O’Rourke and Abbot has similar results when it came to using the NRC lexicon to determine a more complex understanding of sentiment. Overall, each candidate used language that was deemed mostly positive. This contradicts the average (mean) sentiment calculated by the afinn lexicon in the previous section.

Conclusion

The 2022 Midterm Elections are extremely crucial to determining the future course of the United States. One of the most important races is the election for Governor of Texas. The purpose of this project was to analyze text between Beto O’Rourke and Greg Abbott during the 2022 Texas Governor Debate.

We first found the total word count for each candidate. Then, we used that data to find the most common words spoken by Abbott and O’Rourke.

We then analyzed the sentiment of the words used by each candidate using two lexicons — Afinn and NRC. We saw from the Afinn lexicon that each candidate used language that contained an average sentiment that was slightly negative, but overall O’Rourke’s words were more negative than Abbott’s words. The NRC lexicon analyzed sentiment of Abbott’s and O’Rourke’s language across eight different emotions in addition to positive and negative sentiment.

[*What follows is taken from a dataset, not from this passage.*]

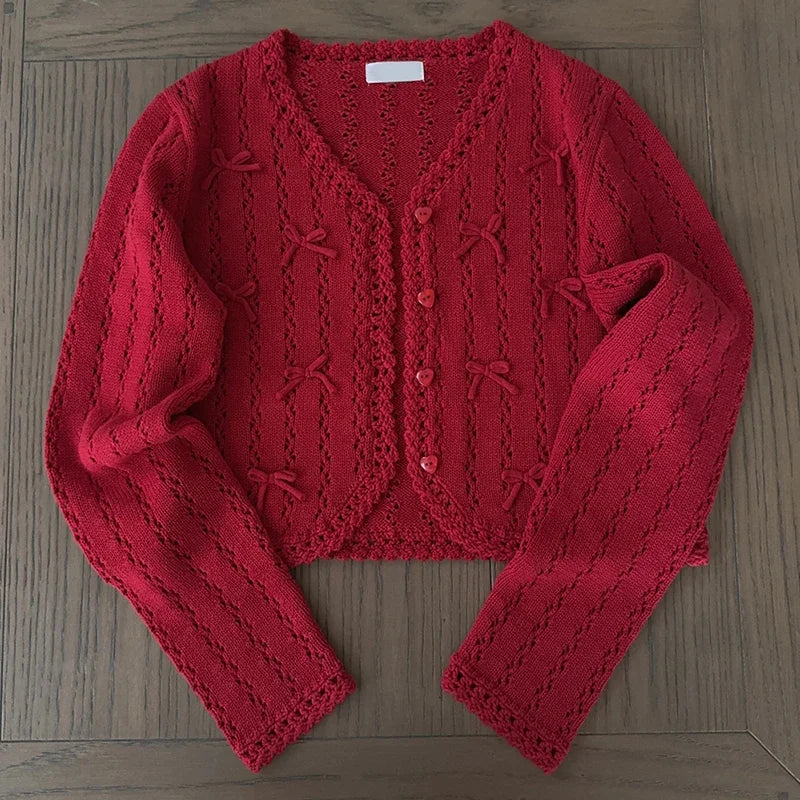 Sweet Knitted Cardigans Women Hand Crochet Bows Decoration Heart Hollow Out Sweaters for Kawaii Girls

Through that analyzation, the NRC lexicon revealed that a majority of the emotions overlapped across each candidate, one of which was trust.

This analysis tells us a lot about each candidate and their attitude toward the debate, Texans and the election. It was clear from our analysis that each candidate chose to focus their language on issues that aligned with their political agenda: Abbott focused a majority of his language on border security and immigration to Texas while O’Rourke focused more on abortion-rights and gun safety. This project allows us to learn more about each candidate and how their language is a reflection of their political perspective. We can conclude that our hypothesis was correct, and that this overall slightly negative sentiment is in line with the polarization reflected in the 2022 Midterm Elections.